=== Task statement ===
From the entries below, copy out every line with "untuk" in it.

=== Crawled caption data ===
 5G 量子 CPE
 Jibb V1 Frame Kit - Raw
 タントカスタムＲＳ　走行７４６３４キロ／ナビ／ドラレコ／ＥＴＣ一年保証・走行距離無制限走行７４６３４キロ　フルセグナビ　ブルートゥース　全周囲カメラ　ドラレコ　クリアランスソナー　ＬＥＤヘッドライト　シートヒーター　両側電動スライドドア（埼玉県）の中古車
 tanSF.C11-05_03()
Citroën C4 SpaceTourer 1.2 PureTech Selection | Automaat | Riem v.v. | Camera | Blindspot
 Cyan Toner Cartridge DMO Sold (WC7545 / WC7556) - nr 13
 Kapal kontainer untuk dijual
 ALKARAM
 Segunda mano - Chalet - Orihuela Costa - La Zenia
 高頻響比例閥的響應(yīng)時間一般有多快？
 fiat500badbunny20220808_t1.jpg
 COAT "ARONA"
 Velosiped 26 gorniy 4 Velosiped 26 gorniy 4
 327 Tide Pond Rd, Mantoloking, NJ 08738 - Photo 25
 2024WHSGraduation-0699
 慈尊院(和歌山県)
...
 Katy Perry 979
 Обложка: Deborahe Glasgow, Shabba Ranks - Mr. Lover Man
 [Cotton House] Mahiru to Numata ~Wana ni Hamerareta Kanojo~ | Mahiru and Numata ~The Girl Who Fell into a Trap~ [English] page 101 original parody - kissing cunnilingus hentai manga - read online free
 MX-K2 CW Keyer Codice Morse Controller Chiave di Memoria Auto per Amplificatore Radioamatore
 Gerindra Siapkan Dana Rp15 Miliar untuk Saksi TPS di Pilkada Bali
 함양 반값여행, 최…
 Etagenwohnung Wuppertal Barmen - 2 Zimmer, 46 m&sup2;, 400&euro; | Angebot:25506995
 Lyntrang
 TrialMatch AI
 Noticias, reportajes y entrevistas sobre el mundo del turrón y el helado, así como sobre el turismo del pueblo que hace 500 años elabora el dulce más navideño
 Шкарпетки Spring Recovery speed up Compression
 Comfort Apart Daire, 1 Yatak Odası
--
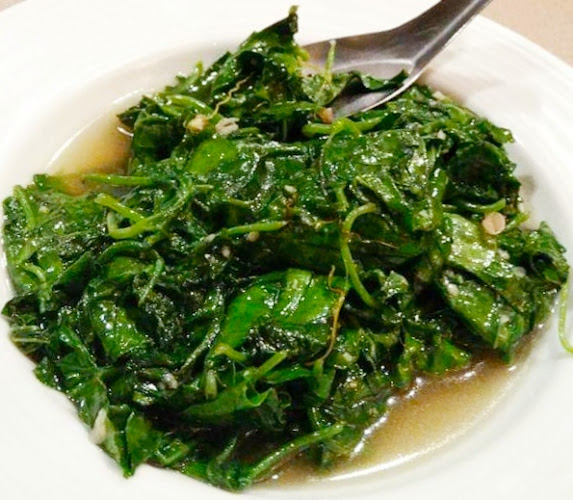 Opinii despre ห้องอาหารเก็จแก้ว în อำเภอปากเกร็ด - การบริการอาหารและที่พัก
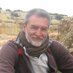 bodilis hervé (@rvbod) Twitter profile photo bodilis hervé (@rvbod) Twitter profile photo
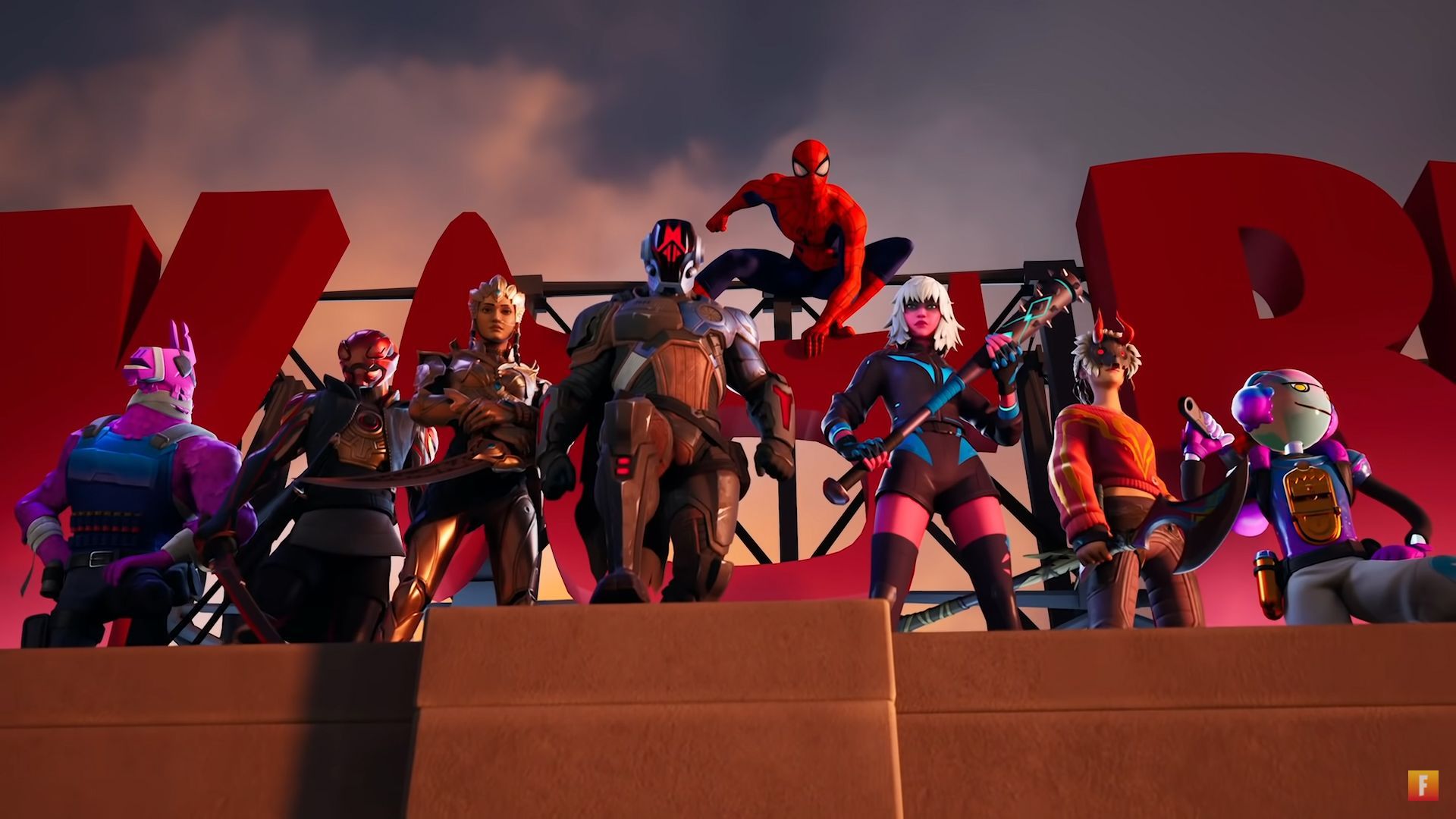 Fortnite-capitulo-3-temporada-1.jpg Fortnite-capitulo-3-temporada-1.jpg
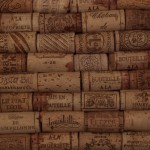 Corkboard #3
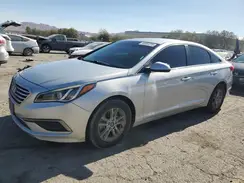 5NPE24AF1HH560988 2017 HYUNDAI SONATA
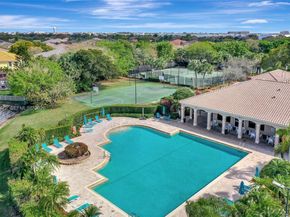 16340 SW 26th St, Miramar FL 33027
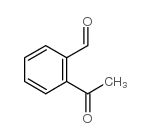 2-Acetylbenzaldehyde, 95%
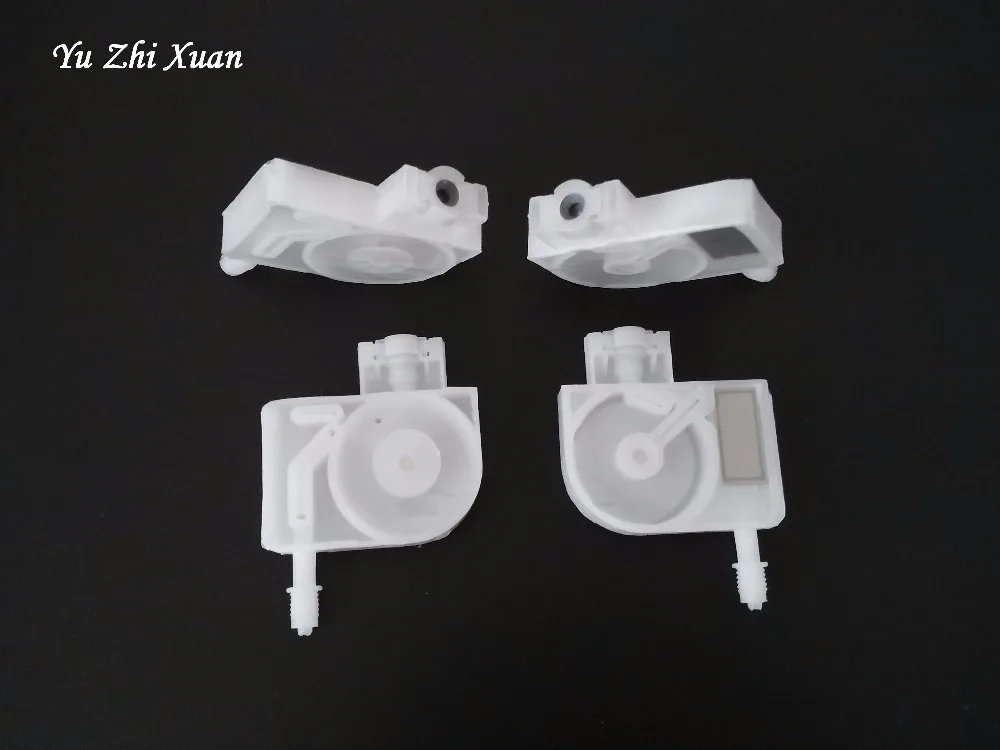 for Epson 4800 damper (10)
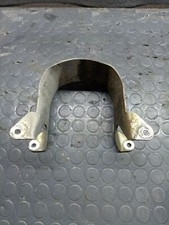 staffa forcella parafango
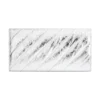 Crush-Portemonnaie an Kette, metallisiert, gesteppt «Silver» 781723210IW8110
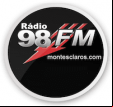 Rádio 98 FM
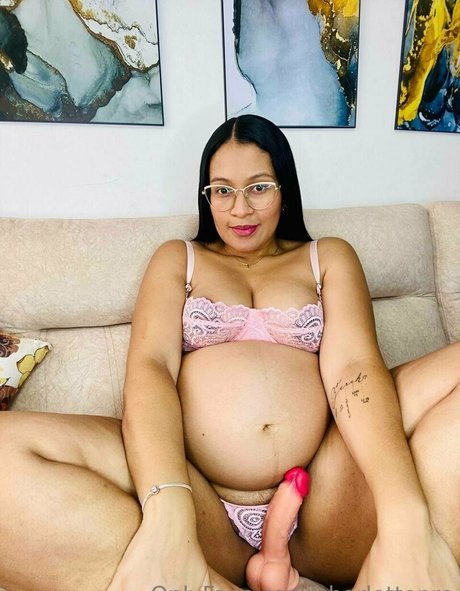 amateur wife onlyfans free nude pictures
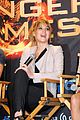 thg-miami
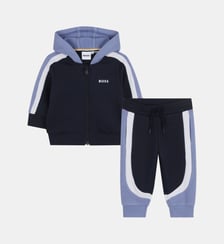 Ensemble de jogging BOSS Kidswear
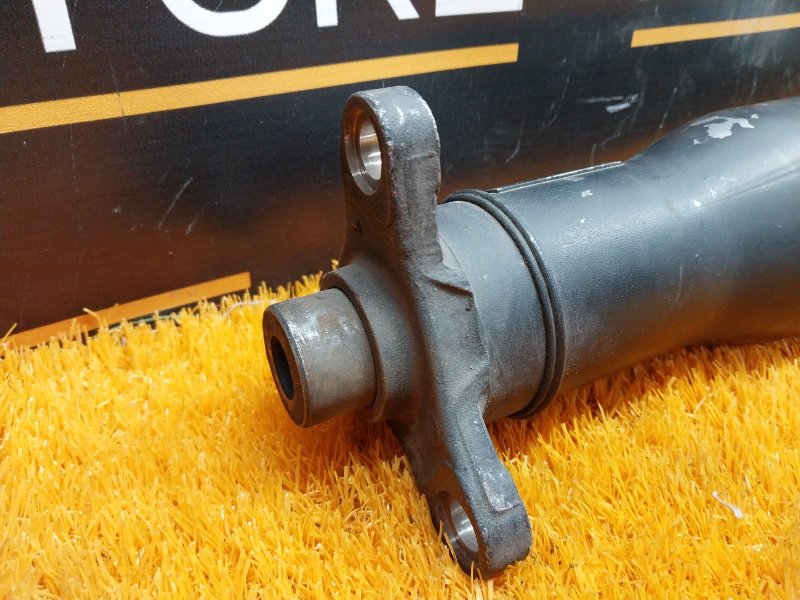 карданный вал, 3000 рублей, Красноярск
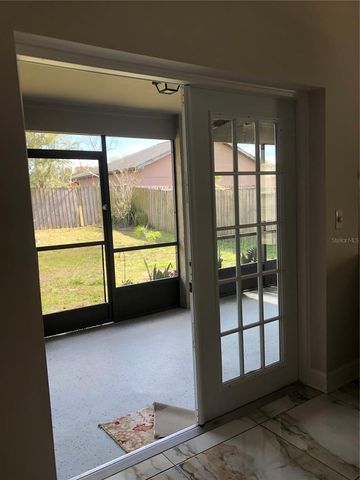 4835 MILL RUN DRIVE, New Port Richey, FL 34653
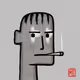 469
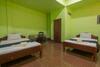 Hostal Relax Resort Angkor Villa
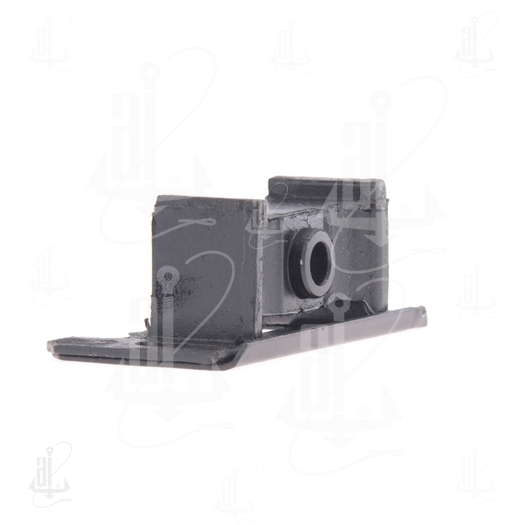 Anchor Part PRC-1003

=== Finished exercise ===
 Kapal kontainer untuk dijual
 Gerindra Siapkan Dana Rp15 Miliar untuk Saksi TPS di Pilkada Bali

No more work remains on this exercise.